◆ Data for review ◆
::::::
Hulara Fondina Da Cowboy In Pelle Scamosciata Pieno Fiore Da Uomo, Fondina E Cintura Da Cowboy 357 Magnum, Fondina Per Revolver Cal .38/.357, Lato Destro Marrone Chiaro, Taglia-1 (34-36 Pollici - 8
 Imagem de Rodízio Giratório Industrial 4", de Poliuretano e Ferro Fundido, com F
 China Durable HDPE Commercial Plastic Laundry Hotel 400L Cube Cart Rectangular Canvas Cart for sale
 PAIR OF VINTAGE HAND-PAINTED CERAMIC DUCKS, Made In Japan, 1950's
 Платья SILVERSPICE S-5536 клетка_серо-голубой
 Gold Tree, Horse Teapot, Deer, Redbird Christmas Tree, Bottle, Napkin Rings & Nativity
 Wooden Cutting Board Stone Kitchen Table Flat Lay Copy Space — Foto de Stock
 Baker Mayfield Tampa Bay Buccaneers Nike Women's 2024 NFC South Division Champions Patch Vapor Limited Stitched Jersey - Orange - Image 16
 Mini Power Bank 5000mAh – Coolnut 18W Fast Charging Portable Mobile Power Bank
::::::
◆ What is required ◆
Write out exactly the lines from the line with "Wooden Cutting Board" to the close of the listing above, including both of those lines.

◆ Task result ◆
 Wooden Cutting Board Stone Kitchen Table Flat Lay Copy Space — Foto de Stock
 Baker Mayfield Tampa Bay Buccaneers Nike Women's 2024 NFC South Division Champions Patch Vapor Limited Stitched Jersey - Orange - Image 16
 Mini Power Bank 5000mAh – Coolnut 18W Fast Charging Portable Mobile Power Bank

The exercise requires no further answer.